**INPUT DATA**
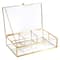 Home Details Large Gold Vintage 4 Compartment Glass Keepsake Box
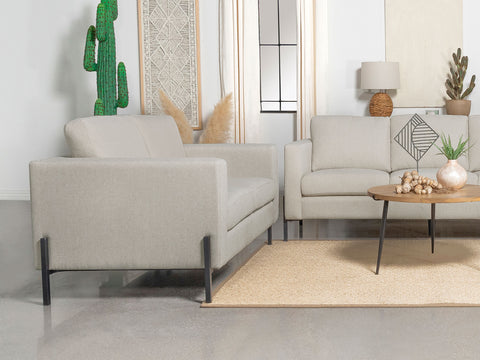 Carlos Upholstered Track Arm Loveseat OatmealOatmeal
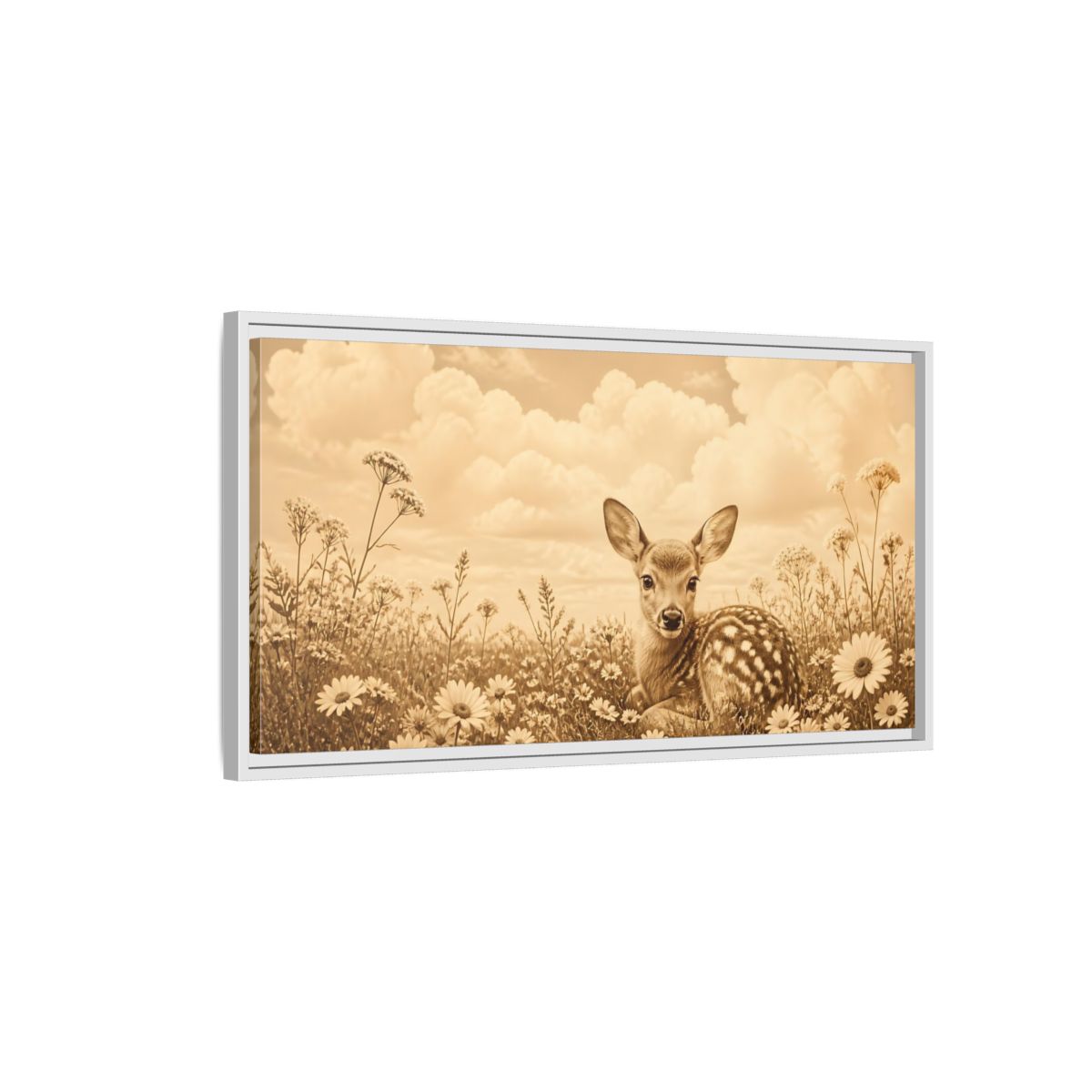 Side Mockup 1. Fawn Among Daisies shown as framed canvas print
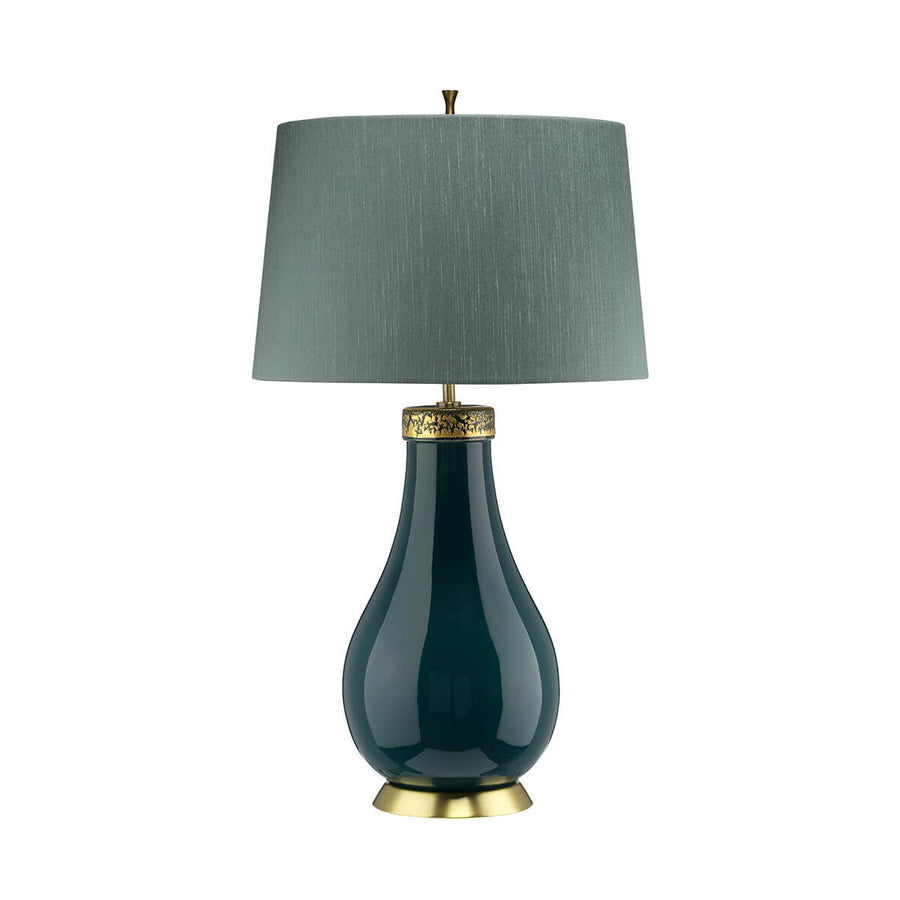 Vue de face du luminaire entier, abat-jour tronconique et base céramique bleu canard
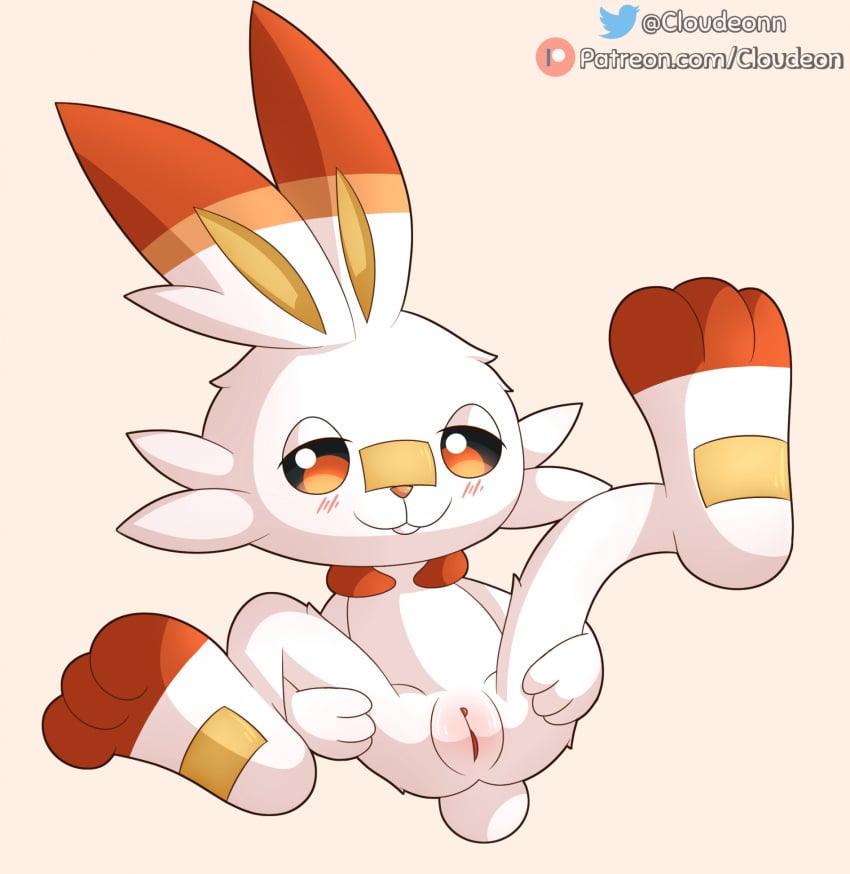 blush cloudeon female feral fur generation_8_pokemon genitals hi_res lagomorph legs_up lying mammal nintendo on_back pink_background pokemon pokemon_(species) presenting presenting_pussy pussy red_eyes scorbunny simple_background solo spread_legs spreading text url white_body white_fur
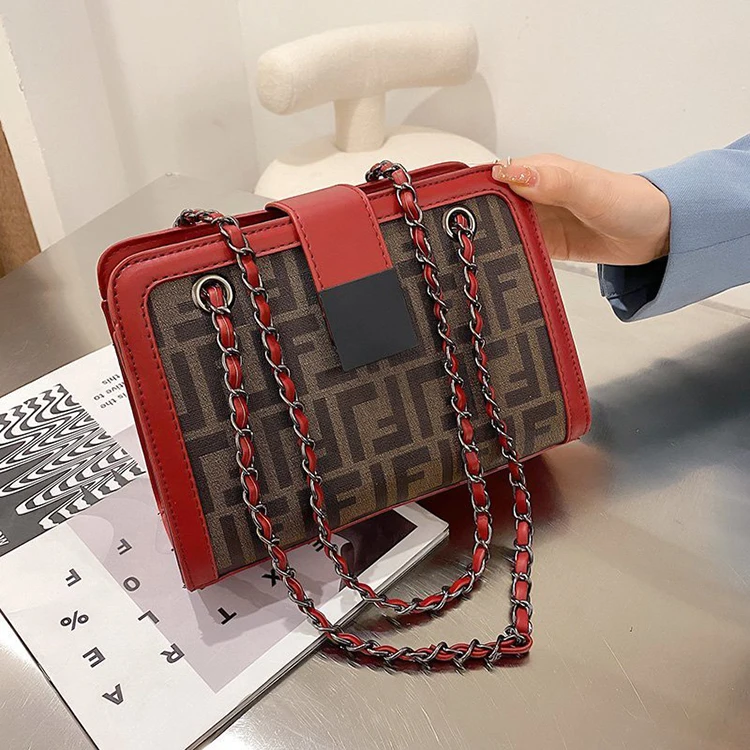 

Classic Design Women Hand bags High Quality Shinning Chain Wide Strap Handbags Trendy Handbags For Ladies, 3colors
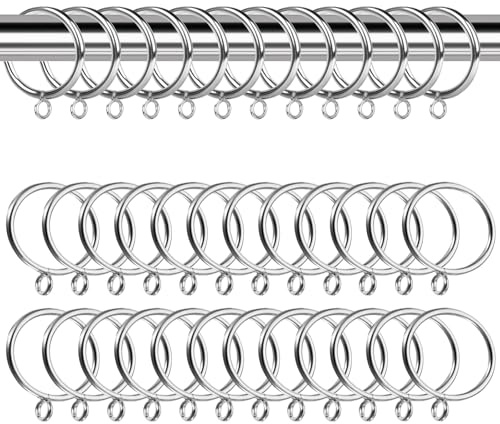 Businey 24 Pack Curtain Rings 50mm Silver Metal Curtain Rings Brass Curtains Ring Internal Diameter Curtains Hoops Rod Ring with Eyelet for Window, Door and Shower Hanging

**WORK TASK**
What is needed here is an exact copy of all the entries, without the pictures.

**TASK ANSWER**
 Home Details Large Gold Vintage 4 Compartment Glass Keepsake Box
 Carlos Upholstered Track Arm Loveseat OatmealOatmeal
 Side Mockup 1. Fawn Among Daisies shown as framed canvas print
 Vue de face du luminaire entier, abat-jour tronconique et base céramique bleu canard
 blush cloudeon female feral fur generation_8_pokemon genitals hi_res lagomorph legs_up lying mammal nintendo on_back pink_background pokemon pokemon_(species) presenting presenting_pussy pussy red_eyes scorbunny simple_background solo spread_legs spreading text url white_body white_fur

Classic Design Women Hand bags High Quality Shinning Chain Wide Strap Handbags Trendy Handbags For Ladies, 3colors
 Businey 24 Pack Curtain Rings 50mm Silver Metal Curtain Rings Brass Curtains Ring Internal Diameter Curtains Hoops Rod Ring with Eyelet for Window, Door and Shower Hanging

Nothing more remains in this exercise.